Funnily enough, in reading through the documentation, it states that it interoperates with Snips, and provides a link. Even though going straight to the Snips website provides nothing but a landing page, using their docs link ends up with all kinds of info. So it's still there, but hidden from a casual search.

rejoe2

How about Rhasspy?
That's kind of successor to snips and uses the same (hermes) protocol (MQTT).

For just some "regular" commands to any home automation system just something starting with Pi 3B+ should have enough power to do that.

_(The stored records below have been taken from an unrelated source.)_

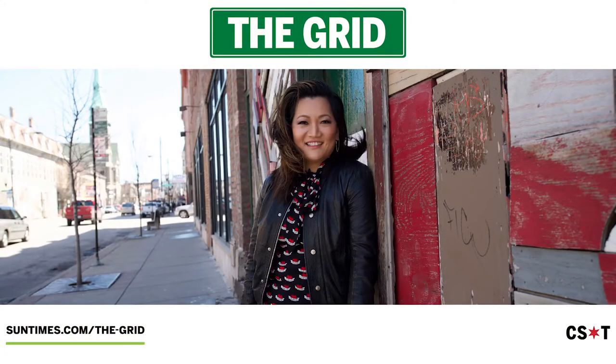To find all of the places highlighted in today's video, head to the Chicago Sun-Times website. See you next time on The Grid.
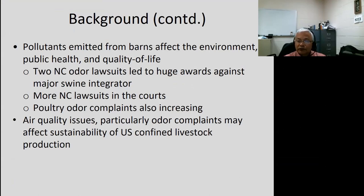In North Carolina, we have some specific, serious issues that have the potential to affect the sustainability of livestock production. There have been two major awards against a major swine integrator, made to plaintiffs who live next to pig houses, and there are more North Carolina lawsuits in the courts. Poultry odor complaints are also increasing. We have had a moratorium on swine production in the state since 1998, so live weights haven't changed much, but there's been an increase in poultry production, particularly broiler, and so we see more complaints.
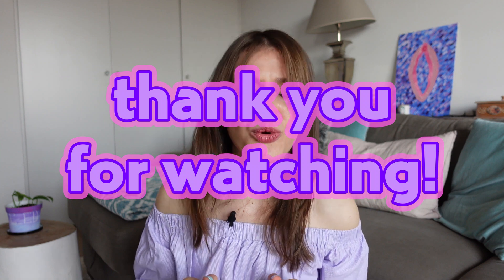Thank you for watching, my dear sex education warriors, and have a juicy sex. And I'm just gonna go have my tea party.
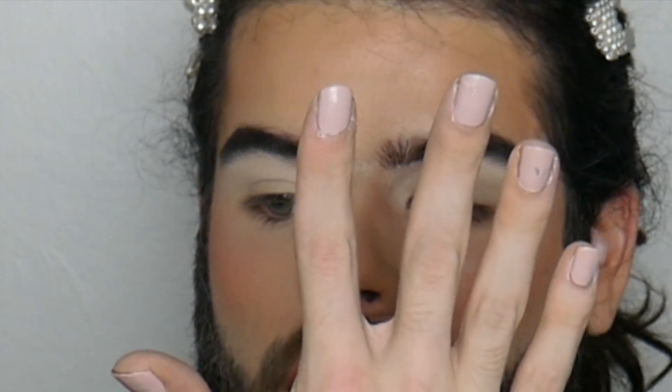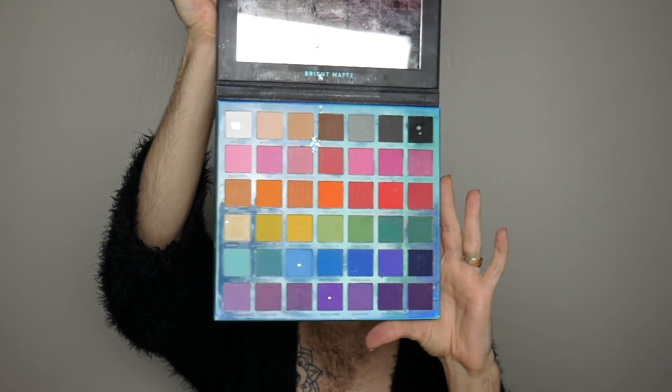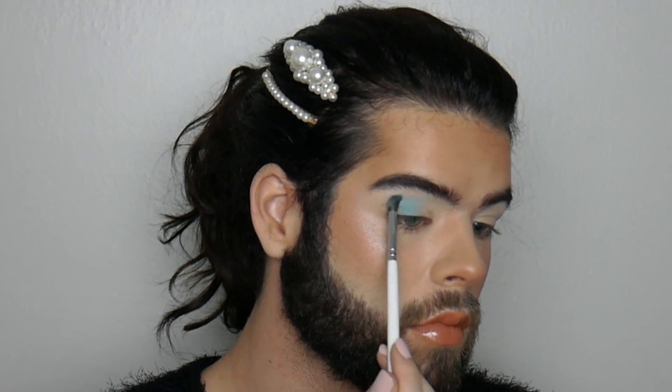The first thing I'm going to do is prime my eyes with the ABH primer. And you know how you do a manicure and one hand comes out perfect, beautiful, gorgeous, and the other hand is absolute trash? That's what happened to me today. I want to do something kind of pastel and rainbowy, so I'm using the Beauty Bay Bright Matte palette.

In my setup (HP T620 as headless x86 server) this runs beside FHEM and deconz on my central machine and receives audio input by mobile phone app (ESP32 satellites are possible as well) allowing full control to all my blinds, lights, ...

CrankyCoder

I have been playing with Rhasspy on and off since the snips debacle. I recently got a little more in to it and have a neat little setup so far.

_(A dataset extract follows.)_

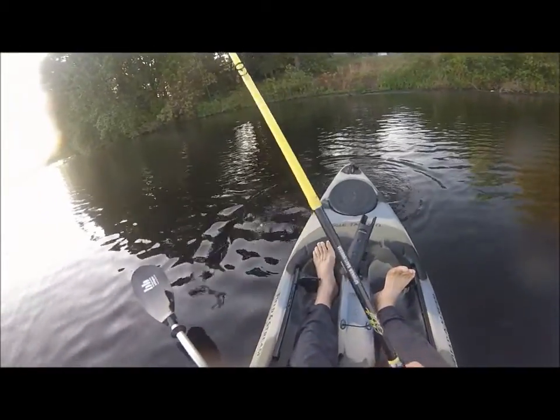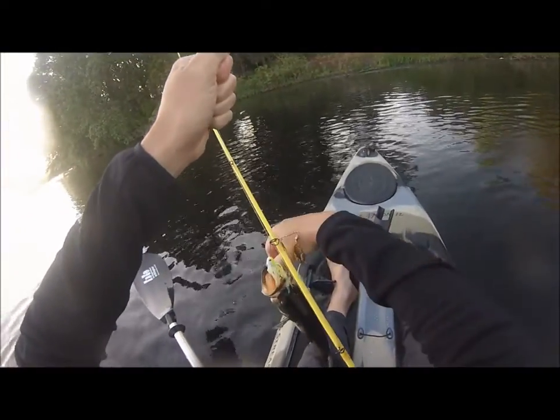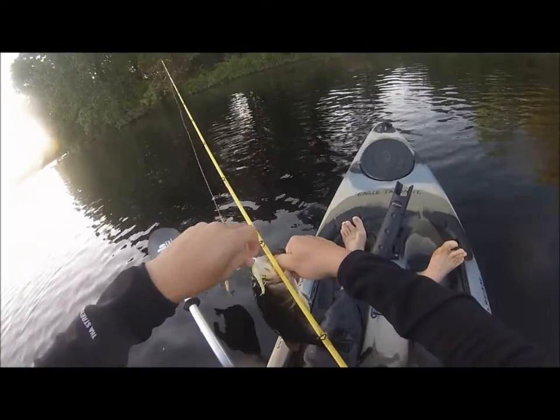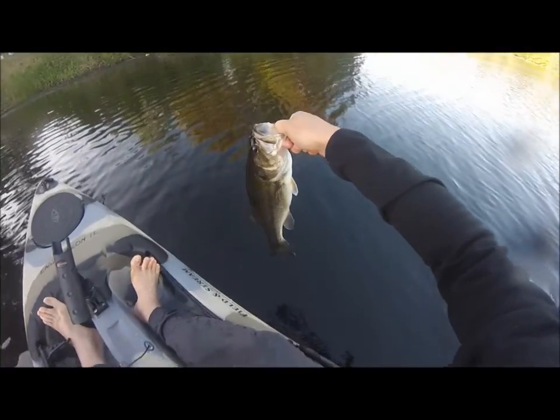All right, this is my second pass of the morning — second pass ever fishing out of my kayak. Both came on a spinnerbait. This one's a little better. About a pound, pound and a half — not too bad.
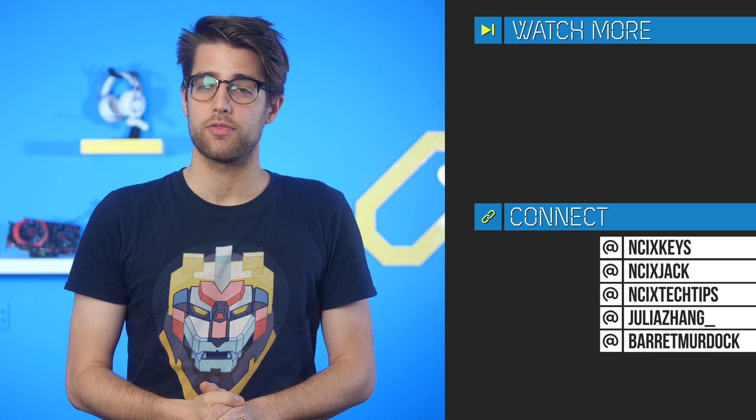And that's it for Netlink Daily, guys. Thank you so much for watching. Click over here for previous videos, check us out on Twitter. Like the video if you liked it, comment below for fans with benefits, and subscribe for more videos like this from NCIX.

I have an instance of rhasspy running on a pi3 with a docker container. That container will soon be moved to something more powerful, but for now it's working quite well. That pi just has a set of simple speakers and an old playstation eye webcam (for the microphone).

Then I have a small pi zero w with a respeaker 2 mic hat and a tiny like 2 inch "mini loud speaker". That pi obviously has little power, but I have all the heavy lifting being done by the other pi. So the zero is doing the wake word detection, audio record, speech to text (for the moment) and audio playback.

The other pi is doing the same things but also intent analysis and intent handling. Both pi's are sharing an mqtt broker on my network. So the pi3 is actually processing intents and intent handling for itself AND my little satellite module.

My text to speech is currently using a docker container of marytts running on yet another machine and handles the tts for both pis.

For anyone that knows me and my setup, I am a big kubernetes guy, so stuff like the marytts, intent handling, intent analysis all those things are being moved into my cluster. Then all my pi's can basically share the same "brain" as it were.

My whole system for this just like my home automation is designed to run local. Which is why I am not using google's speech to text or amazon polly or something like that. I know those are more natural sounding and realistically if I need to switch it later it's easy.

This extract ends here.